Support My IBM Log in

IBM Support

Big SQL 4.2 Performance - Partition on Column Expression - Automatic Generation of Local Predicates - Hadoop Dev

Technical Blog Post


Abstract

Big SQL 4.2 Performance - Partition on Column Expression - Automatic Generation of Local Predicates - Hadoop Dev

Body

New in Big SQL 4.2 is the capability to allow a partition expression to be specified in the CREATE HADOOP TABLE statement in the PARTITIONED BY clause. For an overview of this feature, please look at the following post.

An overview of automatic generation of predicates for such tables is outlined in this post. Big SQL will automatically generate local predicates for partition expressions involving deterministic and monotonic functions. A non-deterministic function is one such that the result of the function maybe different each time e.g. RAND is a non deterministic scalar function. In this case Big SQL will not generate a new predicate. A monotonic function is one that as the input to the function increases/decreases, the result of the function increases/decreases. YEAR, INT are examples of a monotonic functions but MONTH and DAY are non-monotonic functions. For non-monotonic functions Big SQL will not be able to generate greater than or less than predicates.

Why would you care about about all this? There can be performance advantages if you are smart about how you partition your Hadoop tables. This post will show you how to determine what predicates are generated and show you how to smarter define the tables so that more predicates can be automatically generated. The text in green illustrates the correct syntax to use in the CREATE HADOOP TABLE statement.

    CREATE HADOOP TABLE INVENTORY_A (  trans_id int, product varchar(50), trans_ts timestamp  )   PARTITIONED BY (   INT(cast(trans_ts as date))/10000 AS year_part,  INT(cast(trans_ts as date))/100 AS month_part,  INT(cast(trans_ts as date)) AS day_part  )    CREATE HADOOP TABLE INVENTORY_B (  trans_id int, product varchar(50), trans_ts timestamp  )   PARTITIONED BY ( ;   YEAR(trans_ts) AS year_part,  MONTH(trans_ts) AS month_part,  DAY(trans_ts) AS day_part  )    

The data is already loaded into the tables and some sample data is shown below. Notice that the month_part column of the INVENTORY_A table does not only represent the month but represents the year as well. Also, the day_part represents the year as well as the month.

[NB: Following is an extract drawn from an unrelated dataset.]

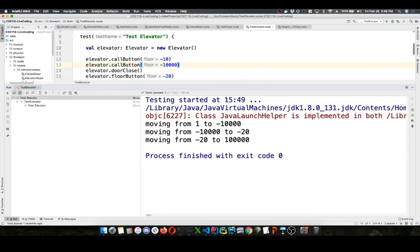We have no limits on floors — you can go to floor negative 1000 if you want. Any quick questions? All right, have a great weekend — I'll see you Monday.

    select * from INVENTORY_A limit 6;  +----------+--------------+-------------------------+-----------+------------+----------+  | TRANS_ID | PRODUCT      | TRANS_TS                | YEAR_PART | MONTH_PART | DAY_PART |  +----------+--------------+-------------------------+-----------+------------+----------+  |     1005 | Beach Towel  | 2016-06-15 15:30:00.000 |      2016 |     201606 | 20160615 |  |     1000 | Hat          | 2016-06-13 15:30:00.000 |      2016 |     201606 | 20160613 |  |     1001 | Sun Screen   | 2016-06-13 16:30:00.000 |      2016 |     201606 | 20160613 |  |     1002 | Water Bottle | 2016-06-13 17:30:00.000 |      2016 |     201606 | 20160613 |  |     1003 | Sandals      | 2016-06-13 15:30:00.000 |      2016 |     201606 | 20160613 |  |     1004 | Lip Balm     | 2016-06-13 15:31:00.000 |      2016 |     201606 | 20160613 |  +----------+--------------+-------------------------+-----------+------------+----------+  select * from INVENTORY_B limit 6;  +----------+--------------+-------------------------+-----------+------------+----------+  | TRANS_ID | PRODUCT      | TRANS_TS                | YEAR_PART | MONTH_PART | DAY_PART |  +----------+--------------+-------------------------+-----------+------------+----------+  |     1000 | Hat          | 2016-06-13 15:30:00.000 |      2016 |          6 |       13 |  |     1001 | Sun Screen   | 2016-06-13 16:30:00.000 |      2016 |          6 |       13 |  |     1002 | Water Bottle | 2016-06-13 17:30:00.000 |      2016 |          6 |       13 |  |     1003 | Sandals      | 2016-06-13 15:30:00.000 |      2016 |          6 |       13 |  |     1004 | Lip Balm     | 2016-06-13 15:31:00.000 |      2016 |          6 |       13 |  |     1005 | Beach Towel  | 2016-06-15 15:30:00.000 |      2016 |          6 |       15 |  +----------+--------------+-------------------------+-----------+------------+----------+    

Now consider the following queries on these two tables:

    Query 1: select count(trans_id) from INVENTORY_A where trans_ts = '2016-06-14';  Query 2: select count(trans_id) from INVENTORY_B where trans_ts = '2016-06-14';  Query 3: select count(trans_id) from INVENTORY_A where trans_ts between '2016-06-13' and '2016-06-30';  Query 4: select count(trans_id) from INVENTORY_B where trans_ts between '2016-06-13' and '2016-06-30';    

For Queries 1, 2 and 3, as there is a local predicate on the trans_ts column, and the expressions in the PARTITIONED BY clause do not have any non-deterministic or non-monotonic functions, Big SQL will generate new local predicates on the year_part, month_part and day_part columns.
For Query 4, Big SQL will be unable to generate predicates on month_part and day_part columns because MONTH and DAY scalar functions are non-monotonic.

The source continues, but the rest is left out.